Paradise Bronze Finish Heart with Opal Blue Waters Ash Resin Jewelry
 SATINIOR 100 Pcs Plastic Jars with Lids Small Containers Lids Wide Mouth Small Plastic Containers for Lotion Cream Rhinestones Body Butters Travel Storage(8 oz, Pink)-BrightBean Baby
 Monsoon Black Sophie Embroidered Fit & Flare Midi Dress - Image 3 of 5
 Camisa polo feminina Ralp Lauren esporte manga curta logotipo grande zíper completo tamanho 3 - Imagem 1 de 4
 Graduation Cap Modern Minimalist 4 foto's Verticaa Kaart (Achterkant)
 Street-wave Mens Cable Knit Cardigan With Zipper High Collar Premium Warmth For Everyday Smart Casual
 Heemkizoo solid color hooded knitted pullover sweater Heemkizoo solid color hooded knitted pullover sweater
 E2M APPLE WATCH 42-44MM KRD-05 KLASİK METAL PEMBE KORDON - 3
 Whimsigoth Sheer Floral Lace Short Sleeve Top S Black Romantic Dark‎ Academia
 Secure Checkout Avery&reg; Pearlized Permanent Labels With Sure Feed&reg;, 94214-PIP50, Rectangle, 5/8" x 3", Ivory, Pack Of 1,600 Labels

● **GOAL OF THE EXERCISE**
Repeat the whole of the data verbatim, as it reads above.

● **REPLY**
Paradise Bronze Finish Heart with Opal Blue Waters Ash Resin Jewelry
 SATINIOR 100 Pcs Plastic Jars with Lids Small Containers Lids Wide Mouth Small Plastic Containers for Lotion Cream Rhinestones Body Butters Travel Storage(8 oz, Pink)-BrightBean Baby
 Monsoon Black Sophie Embroidered Fit & Flare Midi Dress - Image 3 of 5
 Camisa polo feminina Ralp Lauren esporte manga curta logotipo grande zíper completo tamanho 3 - Imagem 1 de 4
 Graduation Cap Modern Minimalist 4 foto's Verticaa Kaart (Achterkant)
 Street-wave Mens Cable Knit Cardigan With Zipper High Collar Premium Warmth For Everyday Smart Casual
 Heemkizoo solid color hooded knitted pullover sweater Heemkizoo solid color hooded knitted pullover sweater
 E2M APPLE WATCH 42-44MM KRD-05 KLASİK METAL PEMBE KORDON - 3
 Whimsigoth Sheer Floral Lace Short Sleeve Top S Black Romantic Dark‎ Academia
 Secure Checkout Avery&reg; Pearlized Permanent Labels With Sure Feed&reg;, 94214-PIP50, Rectangle, 5/8" x 3", Ivory, Pack Of 1,600 Labels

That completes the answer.